We verified two of them did not present the EC number associated with GST activity (EC 2.5.1.18). The remaining sequences presented 98–100% of identity with genes from Klebsiella genus (K. Pneumoniae and K. variicola) (S2 Table). The closest genes related with the K. variicola P1CD1 annotated as Glutathione S-transferase (gst, gstB, gstB_1, gstB_2, gstB_3) and six other genes with EC 2.5.1.18 (Disulfide-bond oxidoreductase–YfcG_1 and 2, Glutathionyl-hydroquinone reductase—yqjG, Disulfide-bond oxidoreductase—YghU, Glutathione S-transferase—YfcF, and Putative GST-like protein–YibF). We compared the GST found in K. variicola P1CD1 with the Lig genes deposited in the database to identify potentially related functions of the putative GST genes. Considering the identity among Lig genes in literature, the analysis showed a reasonable identity but low coverage. The highest coverage (> 50%) was found for the GST of K. variicola P1CD1 assigned as fig|640131.64.peg.784—yghU; fig|640131.64.peg.2686—gstB_2; fig|640131.64.peg.2808—gstB; fig|640131.64.peg.3869 gstB_3) with 22.5% of identity with LigE, 25.66% with LigG, 25,41% with LigG.
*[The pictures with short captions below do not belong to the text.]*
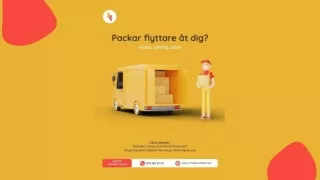 Packar flyttare åt dig?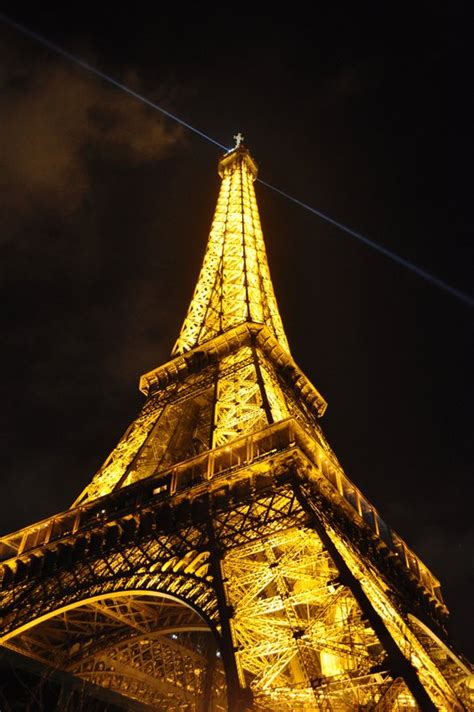 Encyclopedia Eiffel Tower At Night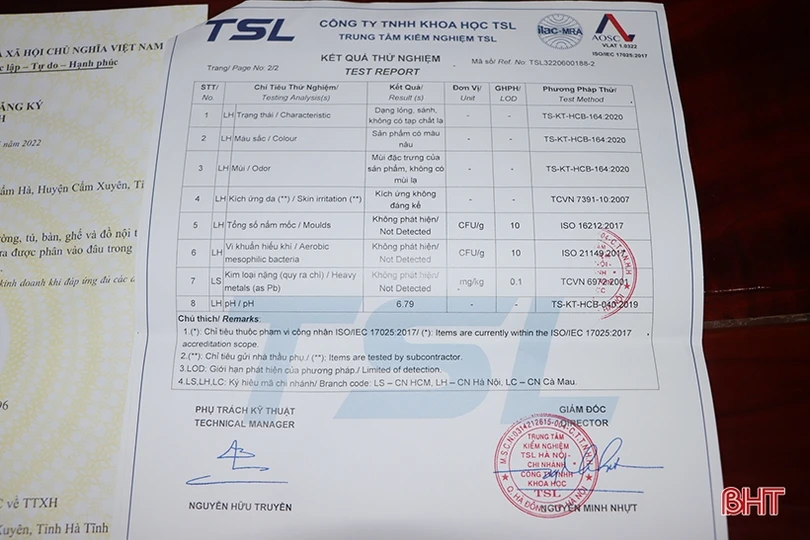 9X Cẩm Xuyên khởi nghiệp thành công với các sản phẩm chiết xuất từ thảo mộc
3.3.3.2. Stage two (aromatic compounds derived from lignin degradation). We identified all the activities needed to perform stage two lignin degradation from the K. variicola P1CD1 genome, demonstrating its potential to convert the structures resulting from stage one. The repertoire covered all the peripheral and central pathways of aromatic compound degradation metabolism (Fig 4A).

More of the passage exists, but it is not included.